Nous avons bu Château Palmer Margaux 1964 dans des verres Riedel. Ces verres déshabillent, décortiquent les vins. Et là, après des présentations d’une modestie bien élevée, le Palmer s’est progressivement épanoui pour devenir grandiose. Ce vin est décidément une des belles réussites de 1964 qui a encore beaucoup de choses à dire, et cette subtilité raffinée s’est exprimée encore une fois de façon éclatante. Un Rausan Ségla Margaux 1924 avait montré à l’ouverture vers 16 heures un beau nez prometteur. J’avais immédiatement rebouché et redescendu en cave, car la température ambiante était trop élevée. Fort curieusement en servant, un très désagréable nez de bouchon que je n’avais pas ressenti plus tôt. Malgré cet aspect rebutant, il n’y avait aucune amertume en bouche, le vin exprimant au contraire une onctuosité doucereuse de vin séduisant. Le vin s’est bu avec plaisir. Il suffisait de se boucher le nez, ce qui est bien curieux comme sensation. Mes hôtes danois reconnaissaient qu’il méritait le voyage. Le lendemain, le nez de bouchon avait disparu, le vin gardant son goût soyeux, mais l’acidité se renforçant, du fait de la chaleur ambiante.

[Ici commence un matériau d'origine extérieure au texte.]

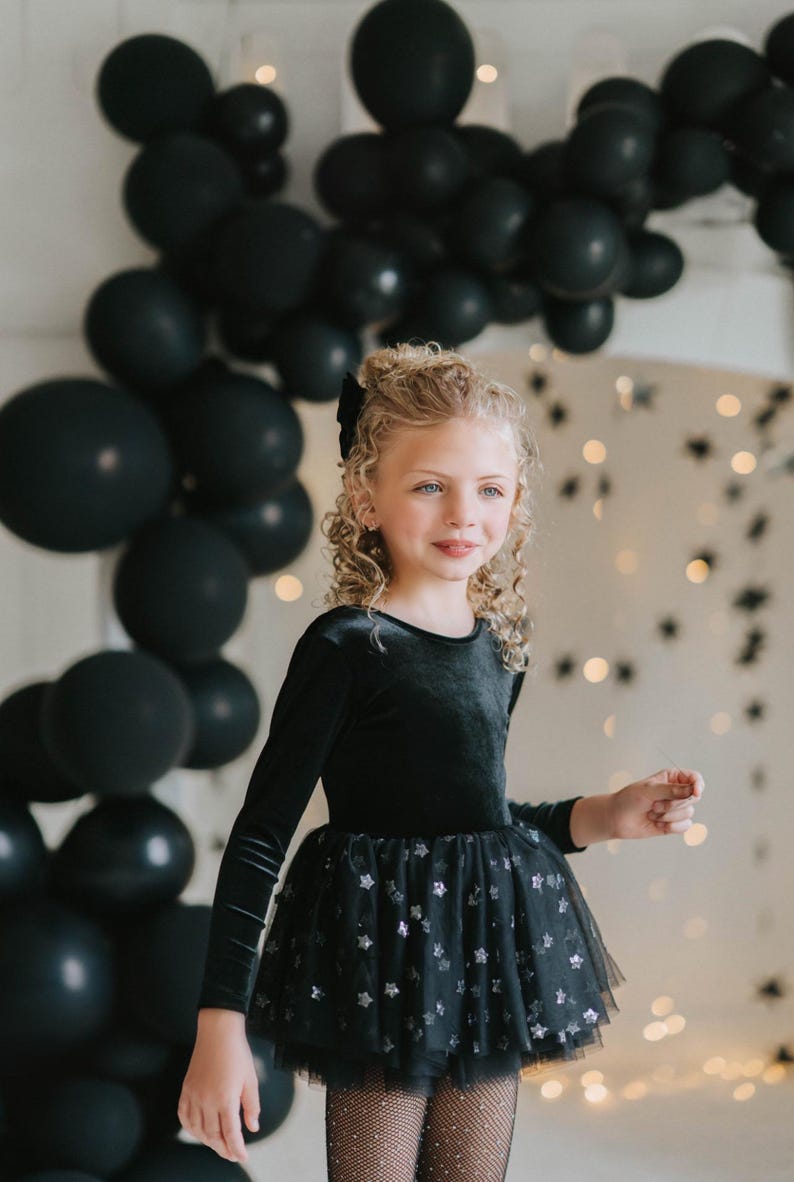 Child smiling in a black star-tulle tutu bodysuit, standing beneath black balloons.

Les blancs et le Porto ont accompagné les fromages avec réussite. Sur une crème au chocolat amer, nous avons essayé deux Armagnac : Un Armagnac Dupuy 1961 et un Laberdolive 1946. Deux petites merveilles, et deux expressions gustatives très différentes, le premier très chaleureux et spontané, le second plus construit et sophistiqué. Le bouquet final du repas fut un bouquet d’herbes. Les charolaises ou les limousines doivent être bien heureuses, si leur pâture ressemble à ces profusions d’herbes que donne une Bénédictine des années 30, décidément très agréable.